Oleh Paskalis Kossay
Tokoh masyarakat Papua
SEBELUM masuk lebih jauh membahas sikap Abisai Rolo Walikota Jayapura berkaitan dengan rasisme, terlebih dahulu mari melihat apa arti kata rasisme dan kata diskriminasi.
Rasisme adalah keyakinan atau ideologi yang menganggap bahwa satu kelompok ras atau etnis lebih unggul atau lebih rendah dari yang lain, yang mengarah pada perlakuan tidak adil dan diskriminatif.
Rasisme dapat muncul dalam berbagai bentuk, mulai dari prasangka dan diskriminasi individu hingga sistem dan kebijakan yang melembaga yang menciptakan ketidaksetaraan.
Rasisme bukan hanya tentang sikap atau keyakinan pribadi, tetapi juga melibatkan tindakan, kebijakan dan struktur sosial yang menciptakan dan melanggengkan ketidakadilan berdasarkan ras.
Sedangkan diskriminasi adalah perlakuan tidak adil atau merugikan terhadap seseorang atau kelompok, individu berdasarkan karakteristik tertentu seperti ras, agama, jenis kelamin, usia, orientasi seksual, disabilitas atau status sosial.
Diskriminasi dapat terjadi dalam berbagai bentuk, termasuk perlakuan yang berbeda, pembatasan akses, pengucilan, atau bahkan kekerasan.
Rasisme dan diskriminasi
Dari gambaran arti kata rasisme dan diskriminasi sebagaimana diuraikan diatas, maka kata rasisme lebih pada tataran ideologi atau keyakinan yang melembaga dalam sistem dan struktur sosial maupun politik.
Sedangkan diskriminasi lebih pada tataran praksis dalam bentuk prasangka dan tindakan yang dipraktekan melalui kebijakan dalam lembaga.
Bertolak dari konsep rasisme tersebut di atas, maka ucapan dan perkataan Abisai Rolo Walikota Jayapura yang beredar luas dalam rana publik saat ini dipastikan dapat memenuhi unsur rasisme dan perlakuan diskriminatif.
Oleh karena, ucapan Walikota Jayapura tersebut disampaikan dalam forum pertemuan resmi lembaga pemerintahan kota Jayapura dengan sadar dan keyakinannya bahwa yang selalu melakukan demo dan palang memalang di kota Jayapura hanya dari masyarakat gunung.
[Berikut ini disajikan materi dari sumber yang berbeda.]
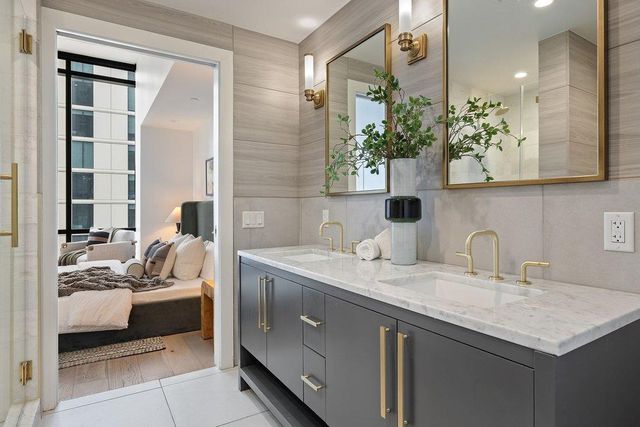 70 Rainey ST 2208, Austin, TX 78701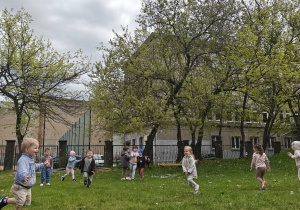 Dzieci łapia banki mydlane.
Pernyataan Walikota Jayapura tersebut mengandung unsur rasisme yang menjurus perlakuan diskriminatif pada ras dan etnis tertentu serta menyudutkan eksistensi dan derajat keberadaan masyarakat gunung di kota Jayapura.
Pernyataan rasisme Wali Kota ini sekaligus melembagakan opini publik bahwa yang melakukan keonaran terhadap keamanan dan ketertiban di kota Jayapura hanya oleh masyarakat gunung.
Pandangan rasisme seperti ini sering membawa dampak negatif yang luas , baik pada individu maupun pada masyarakat secara keseluruhan dan bisa menimbulkan konflik sosial serta hambatan dalam pembangunan.
Oleh karena itu negara sudah menetapkan agar setiap pemimpin dalam pemerintahan harus bersikap adil, jujur, terbuka dan demokratis pelayanan kepada masyarakat tanpa membeda-bedakan latar belakang suku, ras, etnis, agama dan status sosial.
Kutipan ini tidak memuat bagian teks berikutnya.